Qualité des logements sociaux : inquiétude du secteur du bâtiment
 
La future loi Logement ne doit pas, sous prétexte de simplifier la construction, abaisser la qualité des logements sociaux, s'inquiète le secteur du bâtiment, qui en appelle à l'arbitrage du Premier ministre et du président de la République.
Une lettre ouverte « des acteurs du cadre bâti, concepteurs et entreprises », datée du 9 février, demande ainsi à Edouard Philippe de préserver les procédures actuelles de passation des marchés publics ainsi que la loi MOP de 1985, qui régit la construction de logements sociaux.
 
De leur côté, des architectes de renom parmi lesquels Jean Nouvel, Christian de Portzamparc, Rudy Ricciotti ou Philippe Soler, ont formulé la même requête dans un courrier du 13 février à Emmanuel Macron, consulté par l'AFP.
 
Ils y « alertent sur le risque d'une production de logements au rabais, assujettie aux logiques de profits, si demain les bailleurs sociaux s'affranchissaient des règles qui s'imposent aux maîtres d'ouvrages publics ».
 
« Le législateur ne doit pas créer les conditions qui fabriquent aujourd'hui, les quartiers dégradés de demain », renchérit une tribune de 270 architectes publiée jeudi, qui appelle le gouvernement à « mettre en œuvre une nouvelle politique du logement » répondant aux besoins sociaux.
 
La lettre ouverte émane de la Confédération de l'artisanat et des petites entreprises du bâtiment (Capeb), la fédération CINOV (Conseil, ingéniérie et numérique), la fédération des Scop BTP (Coopératives de BTP), le SNSO (Syndicat national des entreprises du second œuvre), le Conseil national de l'Ordre des architectes (Cnoa) et l'Union nationale des syndicats français d'architectes (UNSFA).
 
Architectes inquiets
 
Ces six organisations du secteur du bâtiment font valoir que la loi MOP « structure les relations entre les acteurs de l'acte de construire, garantit leur indépendance » et impose aux maîtres d'œuvre « des obligations de résultat ».
 
Quant aux concours aujourd'hui « obligatoires pour les grandes opérations au-dessus des seuils européens » -une trentaine de logements, 2,5 millions d'euros de coût-, ils contribuent à « une production architecturale et technique innovante ».
 
Or, l'article 25 du projet de loi Logement, attendu en conseil des ministres fin mars, pourrait les supprimer ou créer des dérogations, ce qui ne peut « que nuire à la qualité de la commande publique de logement social », s'inquiètent-ils.
 
Car aujourd'hui ces règles « obligent à une gestion transparente et efficace des deniers publics » sans renchérir le coût des opérations, disent-ils, « contrairement à ce qu'ont affirmé les bailleurs sociaux de l'Union sociale de l'habitat (USH) ».
 
« Il faut améliorer la loi MOP, pas la supprimer », dit à l'AFP l'architecte Brigitte Métra, signataire de la tribune.
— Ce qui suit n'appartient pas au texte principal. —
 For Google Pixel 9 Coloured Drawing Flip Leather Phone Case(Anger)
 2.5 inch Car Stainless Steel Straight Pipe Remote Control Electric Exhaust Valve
Elle permet aux bailleurs sociaux de « construire des logements spacieux, innovants, de qualité, alors que les promoteurs privés ne font plus que des petits logements, plus rentables ».
 
« Les bailleurs sociaux sont en colère : on leur prend 1,7 milliard d'euros, et le gouvernement est prêt à céder tout ce qu'il faut et qui ne lui coûte rien, pour leur faire plaisir », déplore Denis Dessus, président du Cnoa, auprès de l'AFP.
 
Le gouvernement a imposé des baisses de loyers et des hausses de prélèvements aux offices HLM, qui diminuent d'au moins 1,7 milliard d'euros la dépense publique consacrée au logement dès cette année.